Celui-ci évoque le cas du Venezuela, où Nestlé emploie plus de 2500 personnes. "Ces milliers de familles ont confiance en nous. On y est, on reste. Ce n'est pas pour des raisons économiques. Est-ce qu'on pourra encore le faire s'il y a cette possibilité d'être attaqués avec des plaintes, qu'on doit justifier notre présence?", interroge l'homme d'affaires binational belge et suisse.
Un départ de la Suisse?
La première entreprise agro-alimentaire du monde pourrait-elle quitter la Suisse en cas d'un "oui" le 29 novembre? "Je ne réponds pas à ça. Ce n'est pas une loi ou un texte qui conditionne l'existence ou la présence d'une entreprise comme Nestlé", lance son président.
L'initiative populaire "Entreprises responsables – pour protéger l’être humain et l’environnement" veut obliger les sociétés qui ont leur siège en Suisse à examiner régulièrement les conséquences de leurs activités sur les droits humains et sur l'environnement. Elles devront effectuer cette procédure tant pour leurs activités sur sol helvétique que pour celles à l'étranger.
Les multinationales devront aussi répondre des dommages causés par leurs filiales, mais pas pour les actions de leurs fournisseurs.
"Beaucoup d'émotion"
Pour Paul Bulcke, l'initiative va trop loin: "Les entreprises ne sont pas seulement responsables pour ce qu'elles font, mais aussi pour tous ceux qui sont liés de près ou de loin avec ses activités. De plus, on est coupables dès qu'il y a une plainte jusqu'à ce qu'on prouve le contraire", explique-t-il.
Le patron belgo-suisse rappelle la "noblesse" à la base de l'initiative. Mais selon lui, il ne faut pas s'y méprendre. "Qui est contre les droits humains? Et contre protéger l'environnement? Personne.
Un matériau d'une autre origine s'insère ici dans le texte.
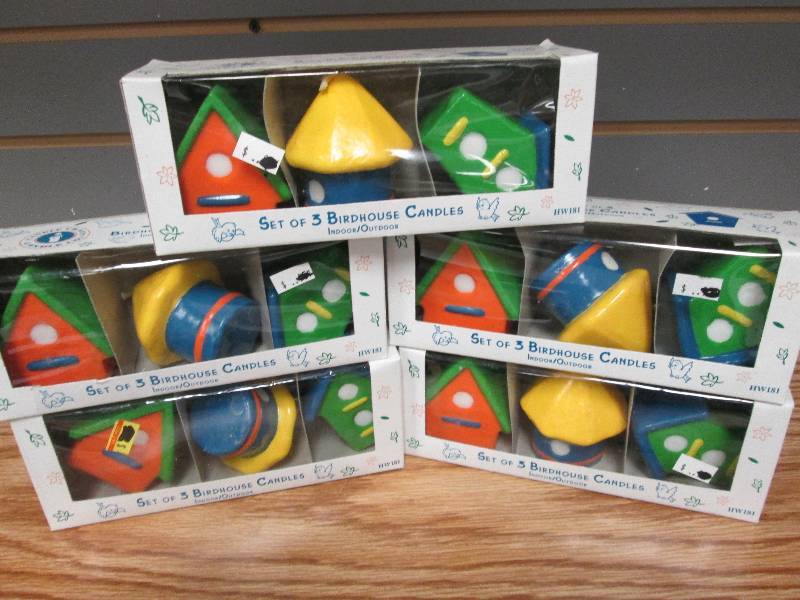 Lot of 5 packs Birdhouse Candles 3...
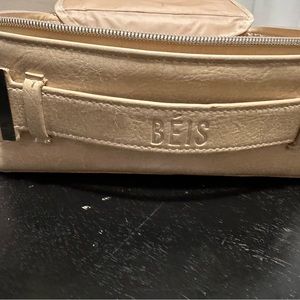 Beis tan travel make up bag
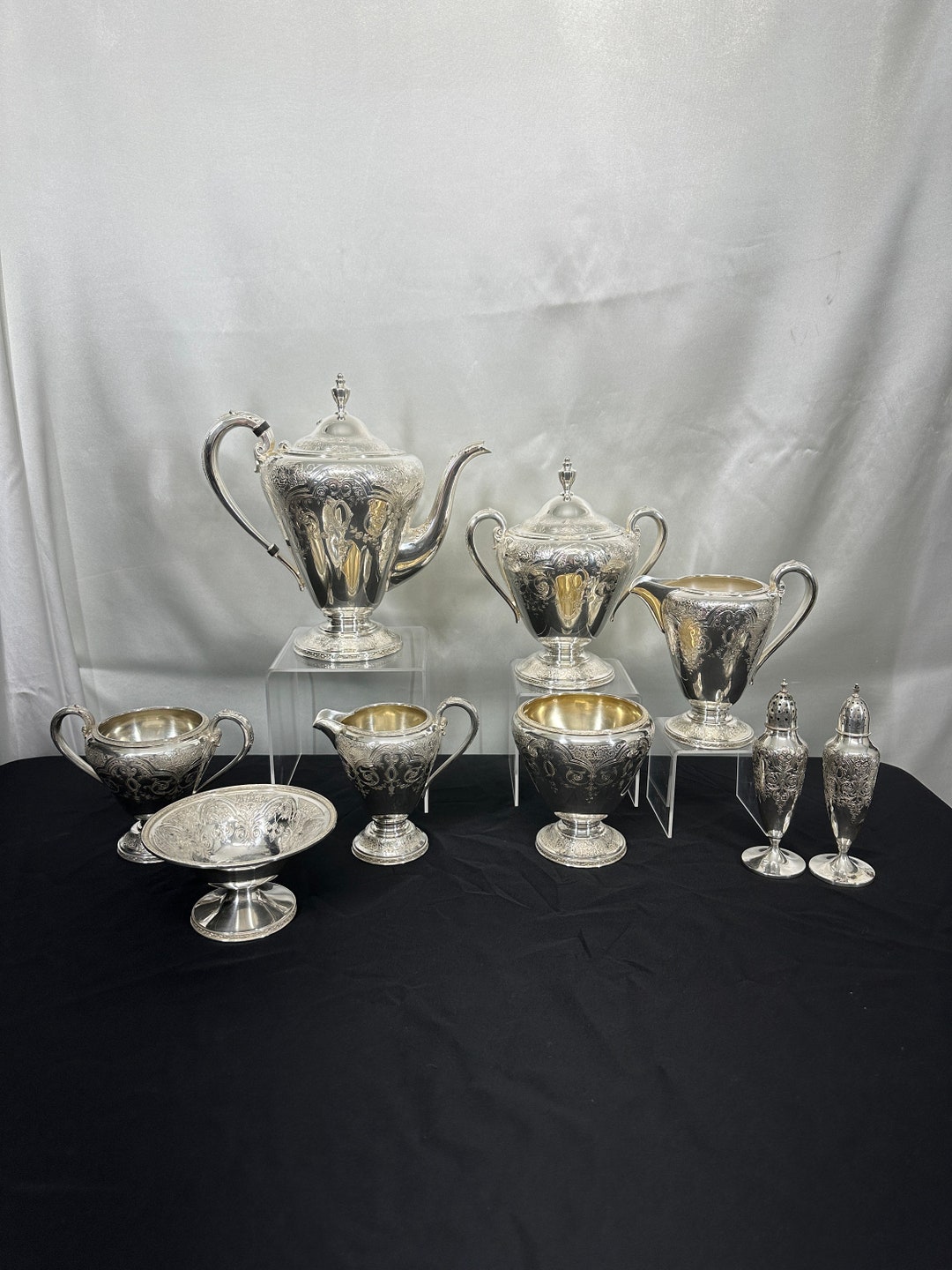 9pc Silver Plated Tea Set, Wilcox's Paisley Pattern - Etsy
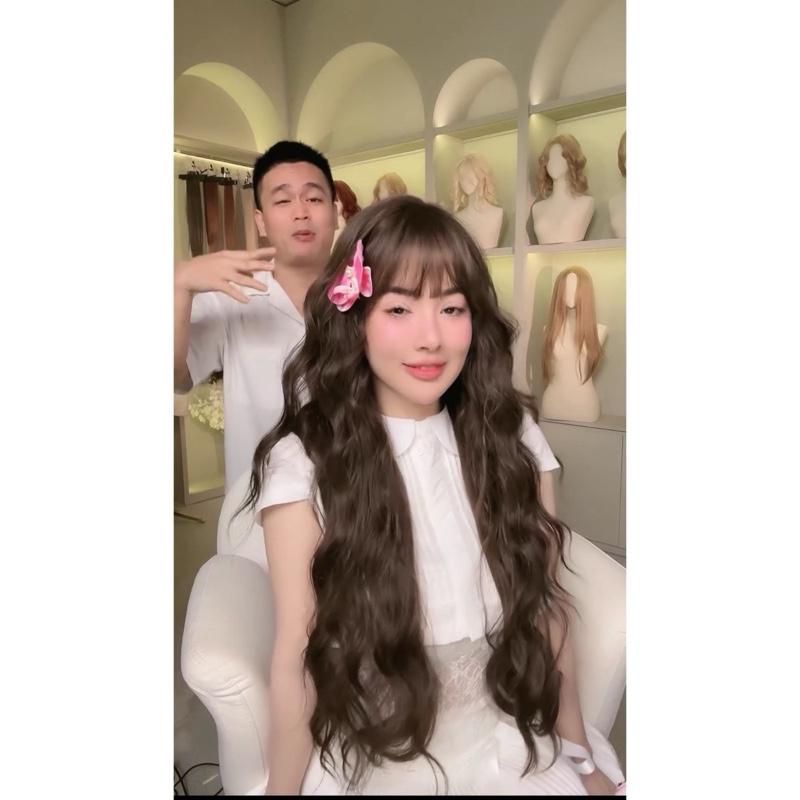 MK-80. New 2026 .Tóc nguyên đầu xoăn lơi dài 80cm. Da đầu móc kim . Chất tóc nhẹ và mềm mượt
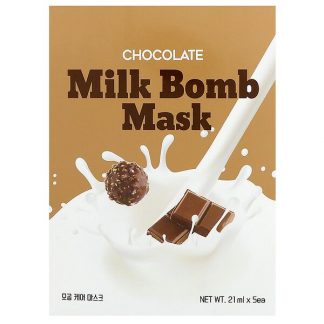 G9skin, Chocolate Milk Bomb Mask, 5 Sheets, 21 ml Each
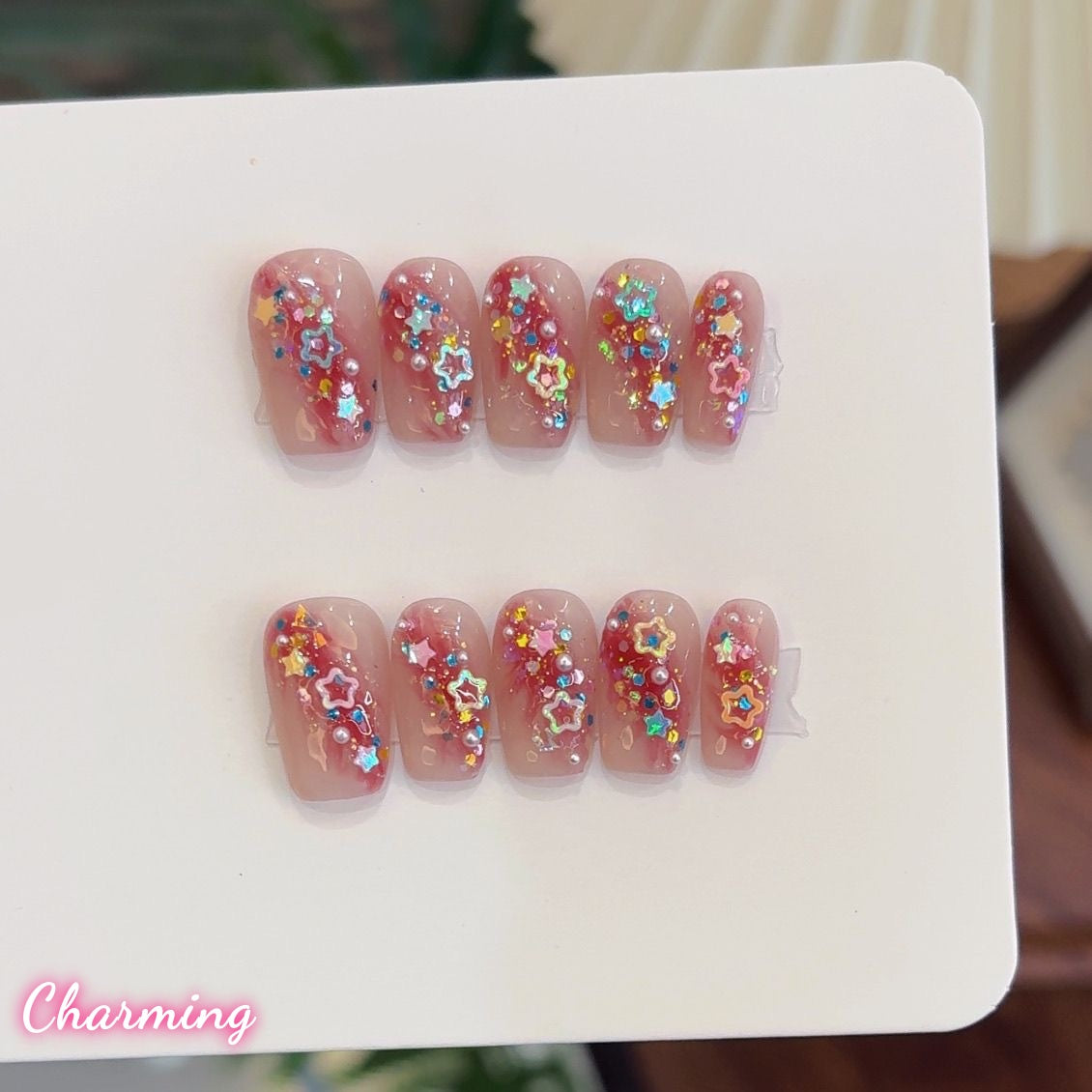 Cheerful Twinkle Star / Handmade Nails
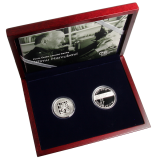 Stříbrná medaile a 200 Kč mince 25. výročí 17. listopad 1989 - 2014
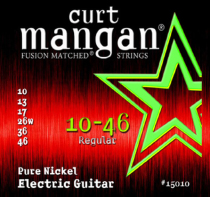 US production of electric guitar strings Curt Mangan Pure Nickel pure nickel series 5 sets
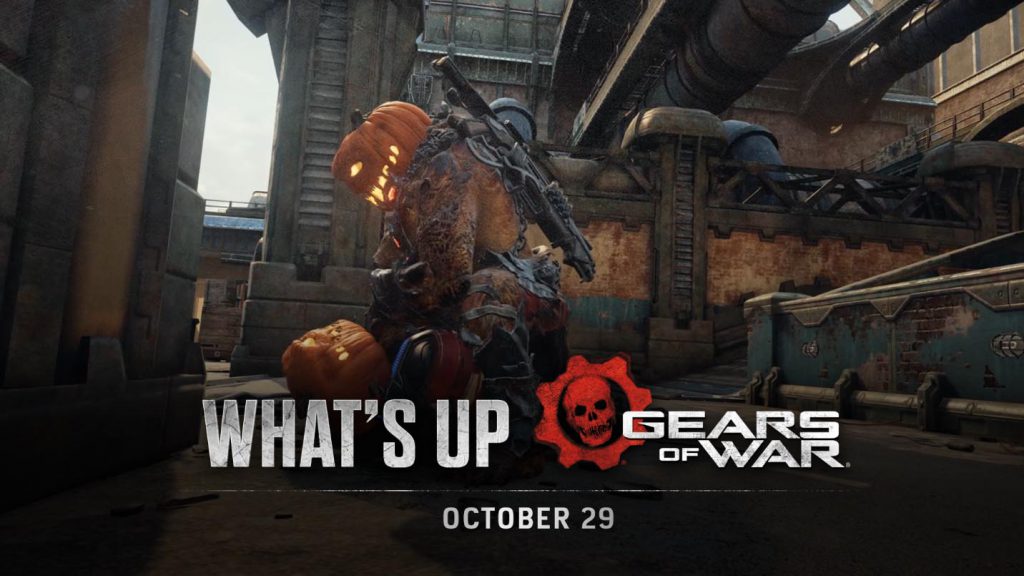 The What's Up Featured Header image featuring a pumpkinhead Locust character strangling another pumpkinhead character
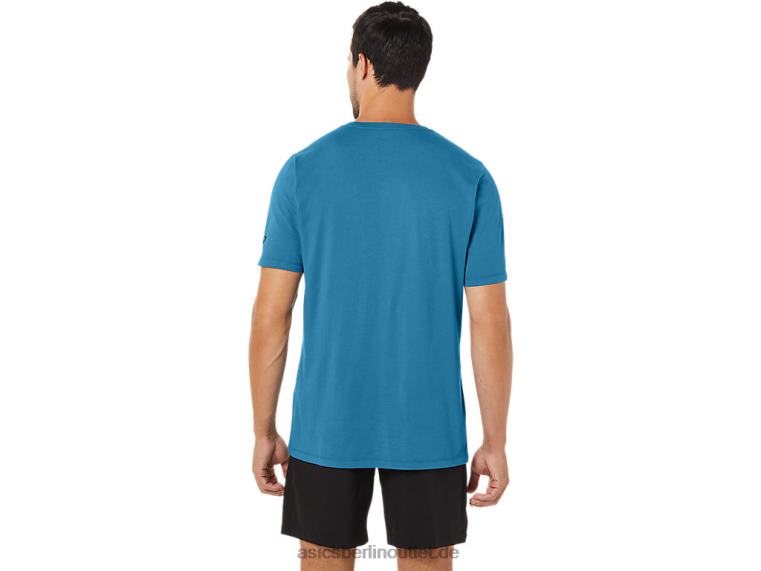 Pinsel-Kurzarm-T-Shirt BL4N72Asics Inselblaues Heidekraut
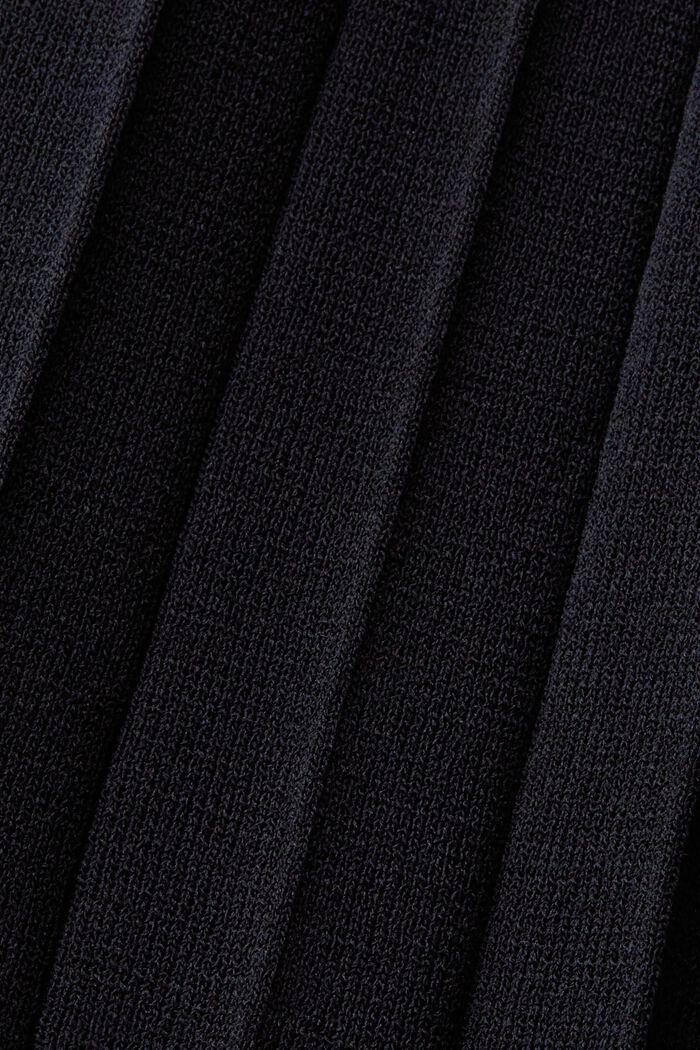Robe plissée maxi longueur, sans manches et à encolure ronde, BLACK, detail image number 6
Il y a beaucoup d'émotion dans l'air. Il faut regarder le texte."
Soutien au contre-projet
Paul Bulcke se prononce en faveur du contre-projet indirect élaboré par le Parlement et soutenu par le Conseil fédéral. Selon ce texte, les obligations auxquelles les entreprises seraient soumises se réduiraient à un devoir de diligence dans les domaines "minerais de conflit" et "travail des enfants". Seules les "sociétés d’intérêt public" devraient rendre un rapport.
Nestlé est membre du comité économique "non à l'initiative multinationales". La multinationale ne finance toutefois pas la campagne, assure son président.